Based on this analysis, the computer files that make up the Archive can be broadly split into three categories (Table 1) which are further discussed in the Archive files section.

• (i) Geophysics data that were collected in the field, then processed and analysed (The life of geophysical data). These consist of working files in proprietary formats, preservation files that were exported so they can be migrated by an Archiving Body, and image files for quick browsing.
• (ii) Project material, consisting of additional files that are relevant to the overall project. These may comprise of project field notes (e.g. as pdf) and the final report, which should be written according to accepted guidelines (see The life of geophysical data).
• (iii) Project documentation that contains all the metadata, both for the geophysical data themselves (e.g. traverse spacing, grid size) and for the project overall (e.g. dates, personnel, weather). Conceptually it is useful to think of metadata as that component of the Archive that can be stored in a database. In addition, information about georeferencing is crucial and is therefore listed here as a separate entity. The last part of the project documentation is the file description that outlines how the files are arranged in the Archive (e.g. using a sophisticated folder structure) and what naming conventions were used.

Archive Category	Components
Geophysics data	working files
	preservation files
	image files
Project material	project notes
	project report
Project documentation	geophysics metadata
	geophysics georeferencing
	project metadata
	file description

Table 1: Individual components of the Archive

Once the Archive is formed, it can be deposited to an Archiving Body. Some Archiving Bodies may have particular requirements for the folder structure of archives that they ‘ingest’ and this will have to be taken into account before the Archive can be deposited. There may even be cases where the Archive’s layout that appears most appropriate for the geophysical data and the project are incompatible with the requirements of the Archiving Body and compromises will have to be found. Given the comprehensive project documentation that will have been prepared as part of the Archive it is relatively easy to extract the metadata that a particular Archiving Body requires for their own system. Regrettably, this in many cases is still a manual process (e.g. for OASIS) and solutions will have to be found, possibly based on specific XML schemata.

Not all Archiving Bodies have the same functionality and several broad types can be distinguished.

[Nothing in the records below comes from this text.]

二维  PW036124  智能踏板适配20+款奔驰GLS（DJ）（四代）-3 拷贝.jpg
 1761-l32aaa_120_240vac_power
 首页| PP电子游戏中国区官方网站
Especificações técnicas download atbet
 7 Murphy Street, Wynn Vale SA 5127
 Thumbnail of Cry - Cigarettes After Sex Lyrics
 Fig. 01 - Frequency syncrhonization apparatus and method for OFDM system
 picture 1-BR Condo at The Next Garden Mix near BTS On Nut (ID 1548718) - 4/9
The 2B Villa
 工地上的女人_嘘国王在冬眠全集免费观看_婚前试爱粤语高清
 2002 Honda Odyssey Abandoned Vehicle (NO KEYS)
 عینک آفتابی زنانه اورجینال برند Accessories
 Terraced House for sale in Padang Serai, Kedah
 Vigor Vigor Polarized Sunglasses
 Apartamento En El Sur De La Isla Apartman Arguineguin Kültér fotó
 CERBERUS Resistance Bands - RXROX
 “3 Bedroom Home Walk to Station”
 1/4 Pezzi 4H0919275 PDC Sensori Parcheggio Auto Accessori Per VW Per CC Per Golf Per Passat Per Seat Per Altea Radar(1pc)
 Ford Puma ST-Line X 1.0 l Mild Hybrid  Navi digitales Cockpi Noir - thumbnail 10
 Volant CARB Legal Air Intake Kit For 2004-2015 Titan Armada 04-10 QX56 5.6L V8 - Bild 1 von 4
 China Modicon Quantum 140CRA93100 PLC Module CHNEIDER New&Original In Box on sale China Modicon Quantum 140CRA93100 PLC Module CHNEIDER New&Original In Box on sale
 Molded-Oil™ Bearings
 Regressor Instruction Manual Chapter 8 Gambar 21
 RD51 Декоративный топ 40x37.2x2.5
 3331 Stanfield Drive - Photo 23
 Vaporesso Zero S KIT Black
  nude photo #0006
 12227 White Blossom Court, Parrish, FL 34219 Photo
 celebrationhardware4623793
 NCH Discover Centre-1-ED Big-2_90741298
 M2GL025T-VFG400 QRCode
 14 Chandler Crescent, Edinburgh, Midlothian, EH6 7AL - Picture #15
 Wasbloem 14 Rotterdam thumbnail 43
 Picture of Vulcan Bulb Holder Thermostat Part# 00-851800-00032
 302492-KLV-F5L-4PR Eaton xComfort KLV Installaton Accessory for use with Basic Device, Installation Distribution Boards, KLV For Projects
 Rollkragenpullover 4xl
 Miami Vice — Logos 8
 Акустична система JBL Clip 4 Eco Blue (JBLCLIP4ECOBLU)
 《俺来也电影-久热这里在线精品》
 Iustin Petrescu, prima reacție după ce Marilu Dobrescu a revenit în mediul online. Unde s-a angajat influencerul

• 1. In-House Archiving: a solution whereby the Archive, as a set of files or packed into a single zip/tar file, is maintained by a contractor or academic department themselves. It is essential to refresh the media regularly (e.g. create a new DVD copy every year, copy data to a new harddrive) and keep equivalent copies in different places. Each refresh should be checked for copy errors and labelled with a new refresh number. See also Planning for the Creation of Digital Data.
• 2. File Repository: a commercial storage facility to which the Archive is submitted, for example via the Internet, sometimes also referred to as ‘Cloud Storage’. The repository charges for the guaranteed long-term preservation of the Archive in its deposited form. Different access agreements are possible (e.g. only the depositor, or other parties with appropriate access credentials). The repository will have mechanisms in place to regularly refresh the Archive and keep copies in safe and secure locations.
• 3. Managed Archiving: in addition to a file repository, this is providing migration and indexing of the content of the Archive. For this, the preservation files from the Archive are noted and regularly migrated to new formats as standards evolve. In addition, a subset of the metadata is used to describe the Archive and thereby make it part of the overall body of material held by this Archiving Body.
• 4. Accessible Archiving: making a managed archive available to other users, usually over the Internet. This can be through a simple web interface or via some data interchange standards. Access agreements and policies are usually drawn up by the Archiving Body upon deposition of the Archive to specify who can access what parts of the Archive. Often only the preservation files are made accessible as they do not require specialised software. The difficulties related to access rights for different user groups and the granularity of file access were noted above (Issues when archiving).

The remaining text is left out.